Prove that a_n ≤ 20n

Homework Equations

See above.

The Attempt at a Solution

I know how to do the question, my problem is starting it. It's strong induction vs. induction. I am leaning towards strong induction due to the first equation having multiple conditions. I would assume that my base case then would be n=0 and n=1

 

[t.kirschner99]

Cannot edit my solution attempt, ignore what I put there.

The Attempt at a Solution

Questioning myself on strong induction, but I committed to it.

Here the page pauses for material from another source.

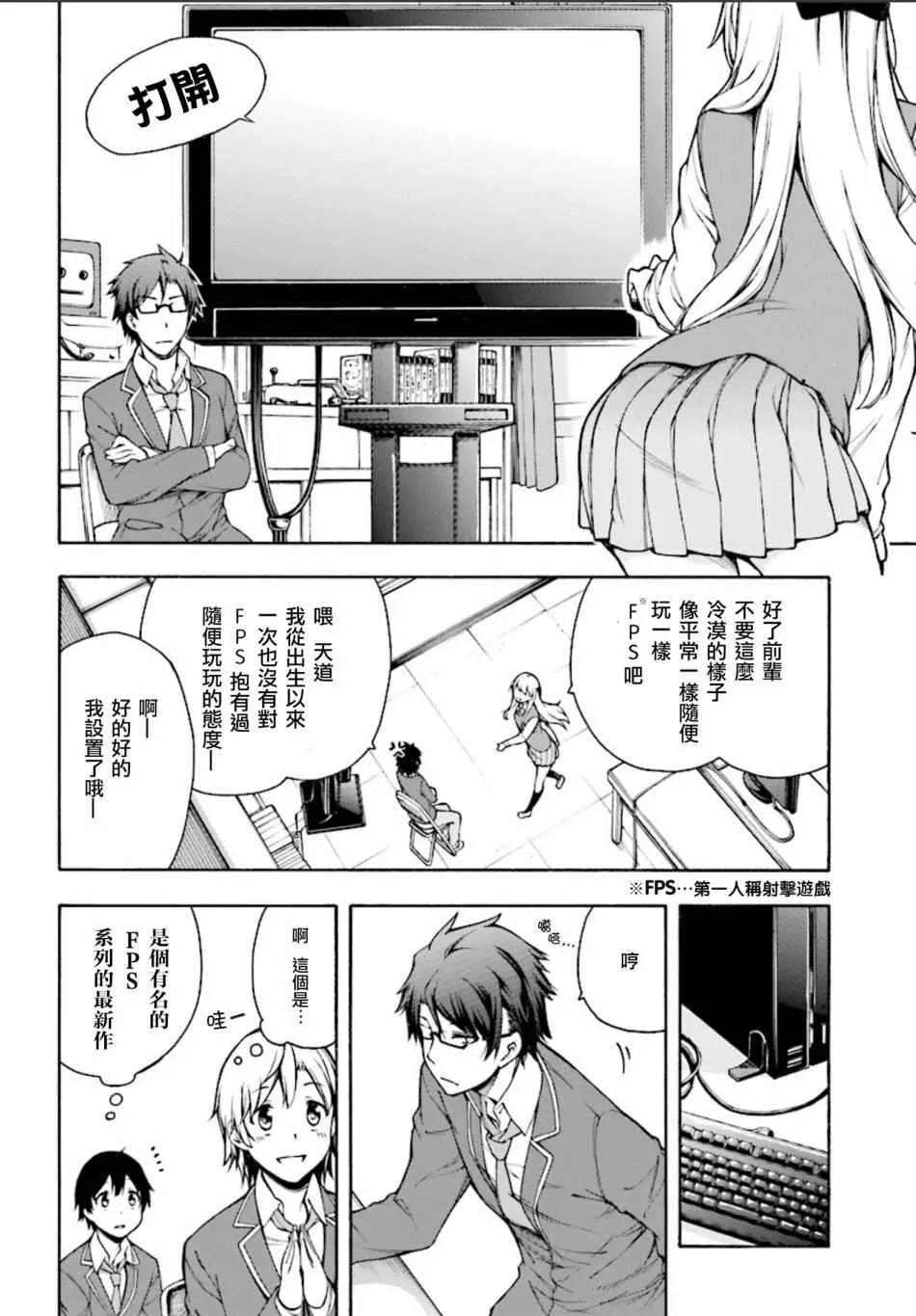 第1话 第26页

Base case of 0 and 1 are good.

Inductive Hypothesis: $$ a_k \leq 20k $$

Proof:

Want to prove $$a_{k+1} \leq 20(k+1) $$

$$a_{k+1} = a_{\frac {k+1} {5}} + a_{\frac {3k+3} {5}}+ k + 1 $$

I am getting stuck at this point, don't really know where to go from here. The floors of the subscripts are what is confusing me

 

[SammyS]

Homework Statement

a₀ = 0, and for n > 0, $$a_n = a_{\frac {n} {5}} + a_{\frac {3n} {5}} + n $$

For the above equation, besides a_n, the subscripts are floored

Prove that a_n ≤ 20n

Are you sure that this is true?

 

[RUber]

I recommend you look at it this way:
$a_k = a_{\left\lfloor \frac{k}{5} \right\rfloor} +a_{\left\lfloor \frac{3k}{5} \right\rfloor} + k$
assume
$a_k \leq 20k$
Then show that
$a_{k+1} \leq a_k + 20 \leq 20(k+1).$

 

[Ray Vickson]

Homework Statement

a₀ = 0, and for n > 0, $$a_n = a_{\frac {n} {5}} + a_{\frac {3n} {5}} + n $$

For the above equation, besides a_n, the subscripts are floored

Prove that a_n ≤ 20n

Homework Equations

See above.

The Attempt at a Solution

I know how to do the question, my problem is starting it. It's strong induction vs. induction. I am leaning towards strong induction due to the first equation having multiple conditions. I would assume that my base case then would be n=0 and n=1

Hint: besides the suggestion in #4, you should remember that $\lfloor x/5 \rfloor$ increases by 1 when $x$ passes through integers of the form $5n$ and $\lfloor 3x/5 \rfloor$ increses by 1 when $x$ passes through integers of the form $5n/3$.

 

[haruspex]

assume
$a_k \leq 20k$

you mean, assume a_n≤20n ∀ n≤k, right?
(Seems to me the factor 20 specified is unnecessarily large. It could have been set at 5.)

 

[RUber]

you mean, assume an≤20n ∀ n≤k, right?

That's exactly what I meant. It has to be true for all the terms up to and including the current one, then you can inductively prove it for the next one $a_{k+1}$.

If the floor function is confusing, sometimes you can just get rid of it.
Remember that the floor function is always less than what is applied to.
$\lfloor 12/5 \rfloor \leq 12/5$
So if $a_n \leq 20n \forall n\leq k$, then you can say that $a_{k/5} \leq 20(k/5)$ dropping the floor part out.

In doing this, although not the most refined technique, you can eliminate what was confusing you. Then you have an algebraic proof. You will end up needing to satisfy some condition for a minimum number that k has to be greater than. Smaller terms you can demonstrate explicitly.